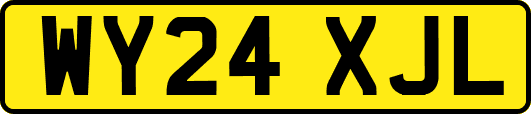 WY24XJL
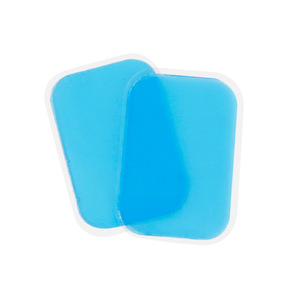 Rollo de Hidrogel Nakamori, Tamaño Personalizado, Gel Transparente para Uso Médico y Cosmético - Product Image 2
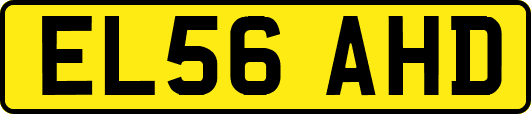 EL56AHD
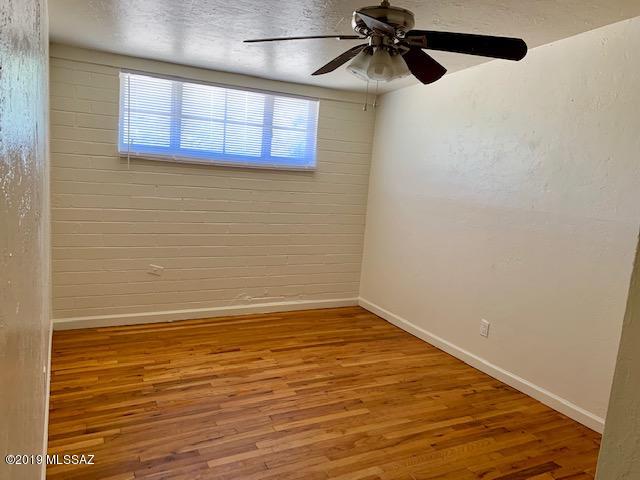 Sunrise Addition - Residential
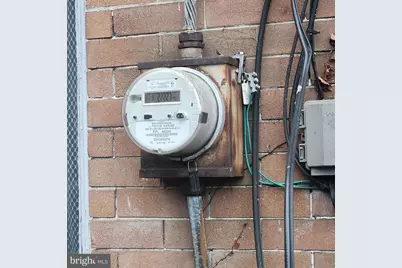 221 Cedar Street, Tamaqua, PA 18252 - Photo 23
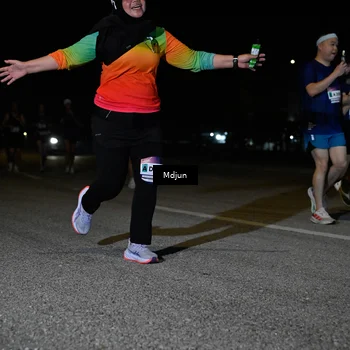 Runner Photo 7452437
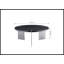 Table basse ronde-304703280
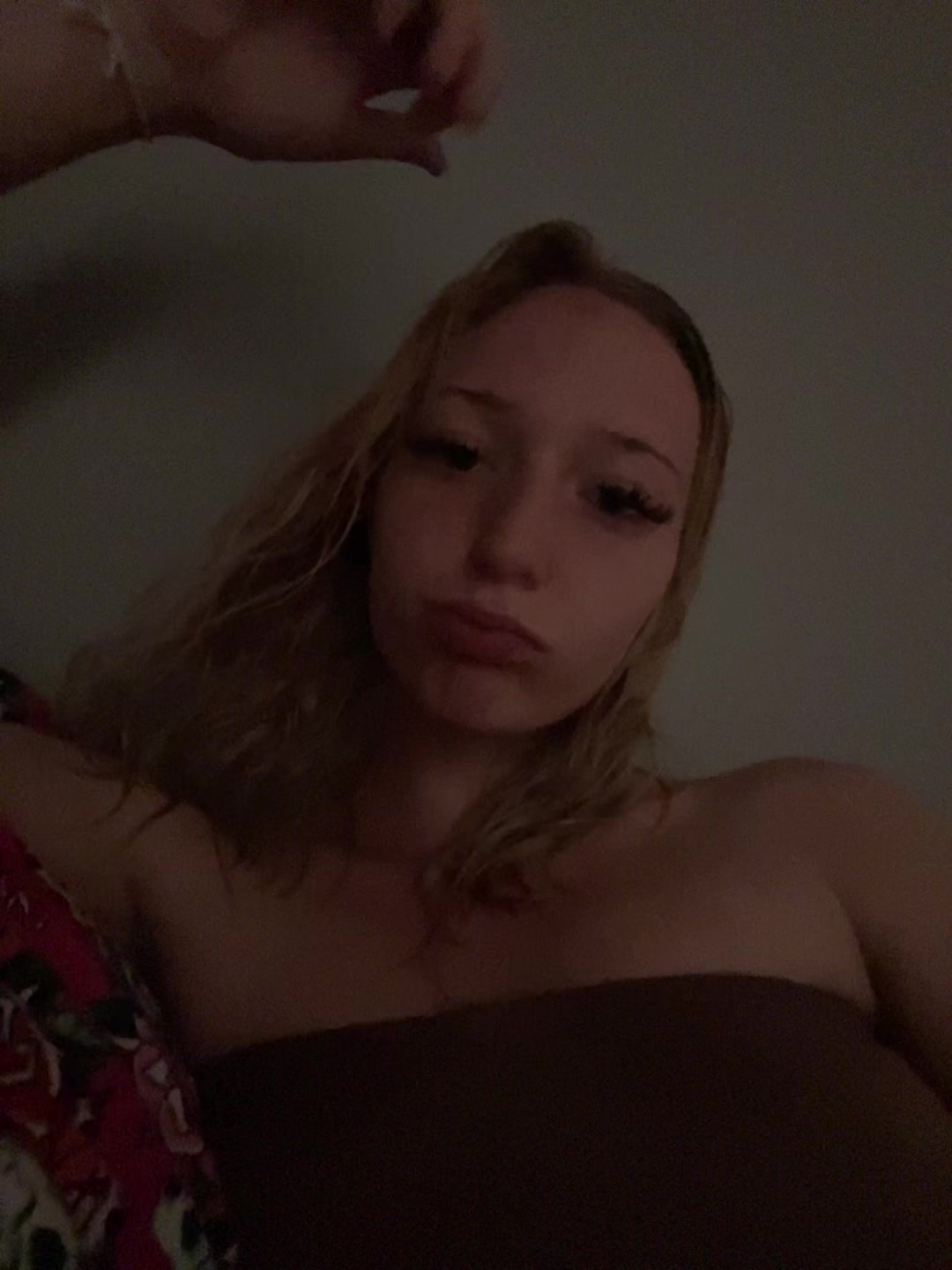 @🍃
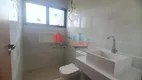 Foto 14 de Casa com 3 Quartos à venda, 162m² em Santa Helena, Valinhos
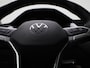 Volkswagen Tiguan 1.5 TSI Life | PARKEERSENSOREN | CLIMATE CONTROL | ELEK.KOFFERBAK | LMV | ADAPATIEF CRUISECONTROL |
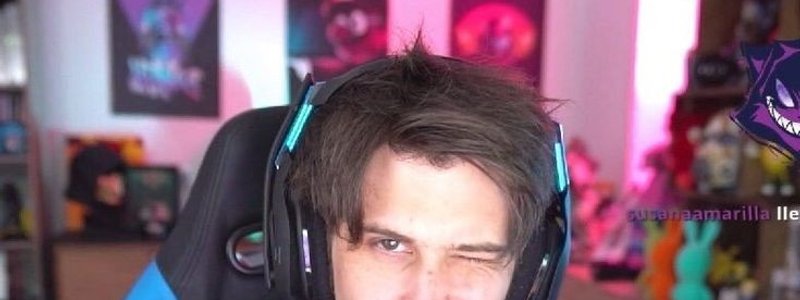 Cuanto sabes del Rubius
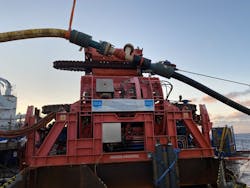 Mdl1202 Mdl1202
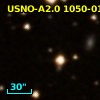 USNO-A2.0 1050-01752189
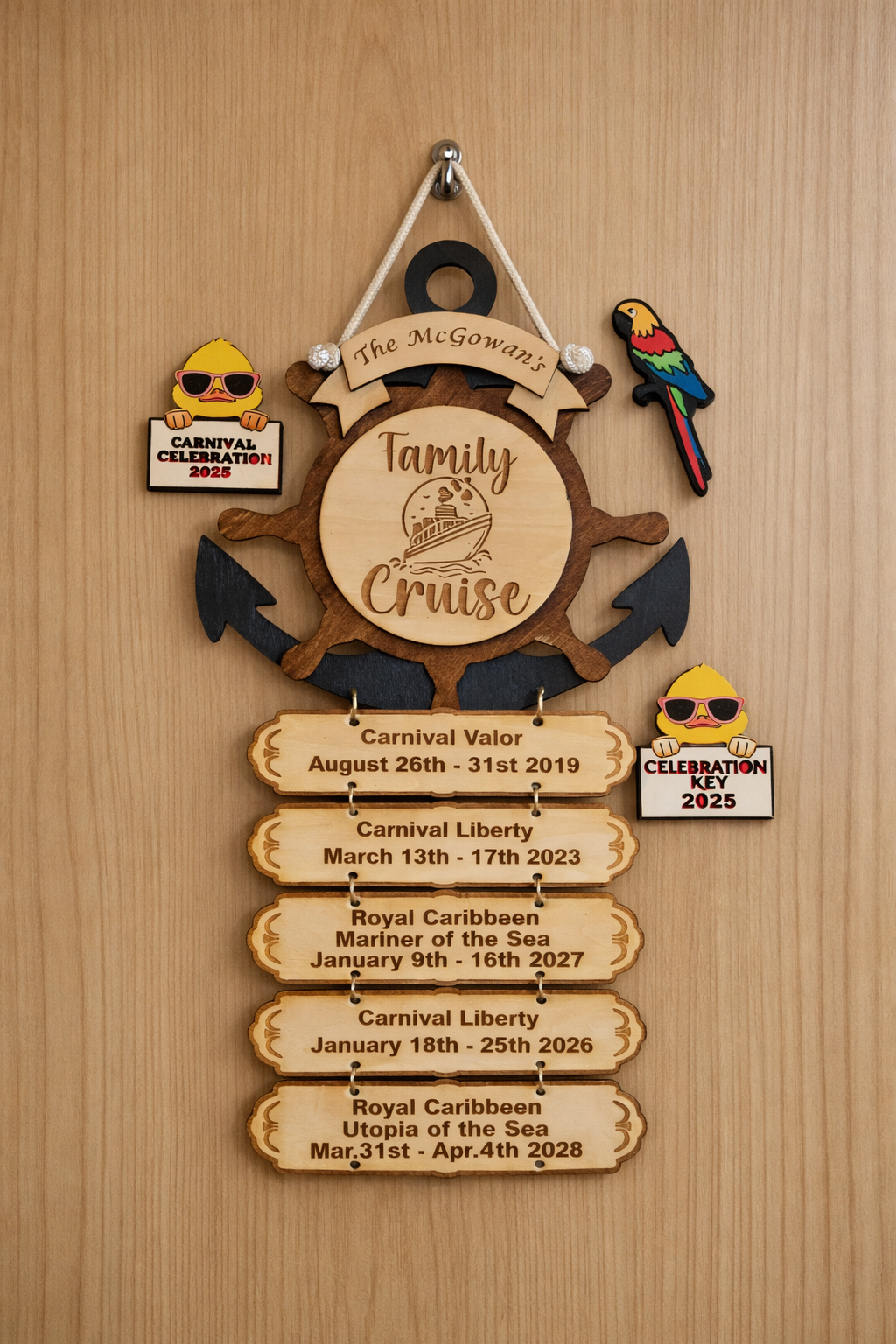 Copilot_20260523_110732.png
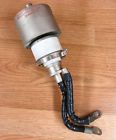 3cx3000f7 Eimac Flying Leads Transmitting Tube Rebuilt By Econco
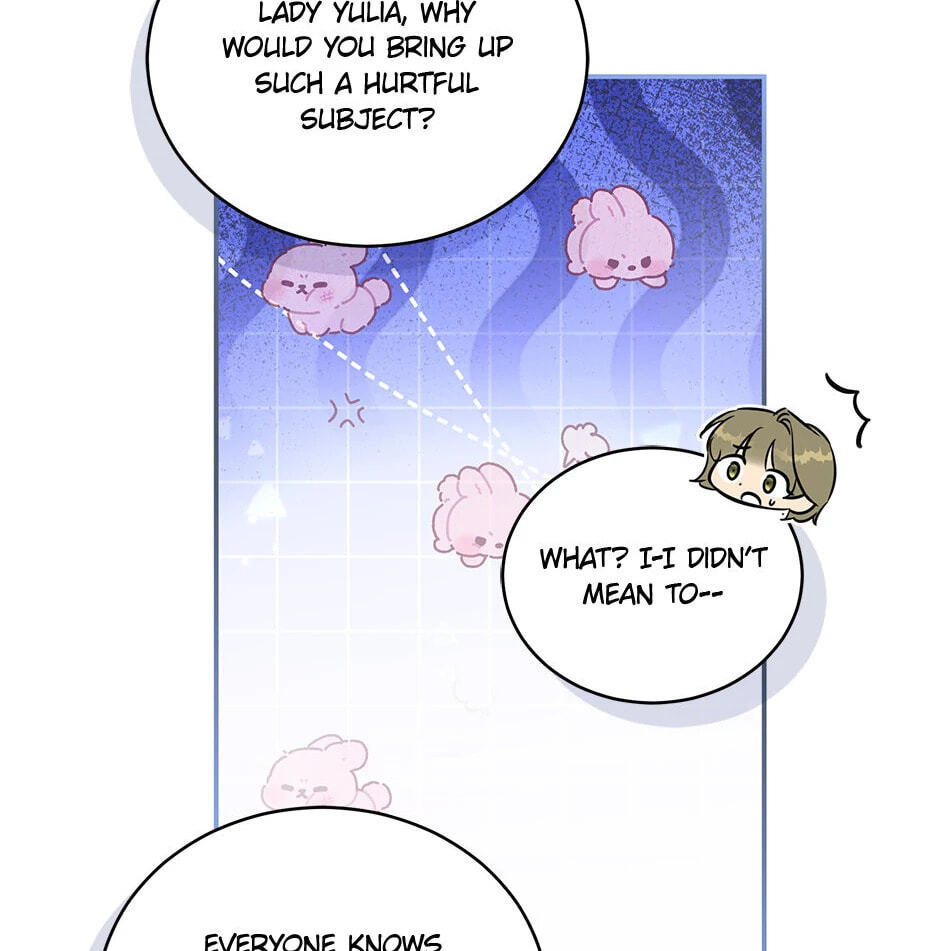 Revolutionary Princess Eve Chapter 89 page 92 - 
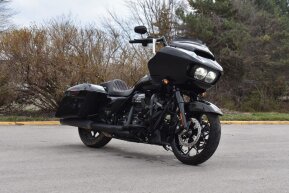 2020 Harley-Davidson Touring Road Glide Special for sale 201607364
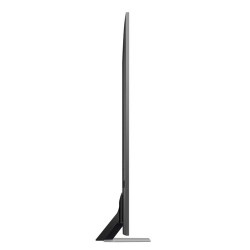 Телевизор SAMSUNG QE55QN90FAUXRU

# # #

• What is needed:
Only the records themselves, retyped exactly, belong in the answer; please leave all images behind.

• Result of the task:
 WY24XJL
 Rollo de Hidrogel Nakamori, Tamaño Personalizado, Gel Transparente para Uso Médico y Cosmético - Product Image 2
 EL56AHD
 Sunrise Addition - Residential
 221 Cedar Street, Tamaqua, PA 18252 - Photo 23
 Runner Photo 7452437
 Table basse ronde-304703280
 @🍃
 Foto 14 de Casa com 3 Quartos à venda, 162m² em Santa Helena, Valinhos
 Volkswagen Tiguan 1.5 TSI Life | PARKEERSENSOREN | CLIMATE CONTROL | ELEK.KOFFERBAK | LMV | ADAPATIEF CRUISECONTROL |
 Cuanto sabes del Rubius
 Mdl1202 Mdl1202
 USNO-A2.0 1050-01752189
 Copilot_20260523_110732.png
 3cx3000f7 Eimac Flying Leads Transmitting Tube Rebuilt By Econco
 Revolutionary Princess Eve Chapter 89 page 92 - 
 2020 Harley-Davidson Touring Road Glide Special for sale 201607364
 Телевизор SAMSUNG QE55QN90FAUXRU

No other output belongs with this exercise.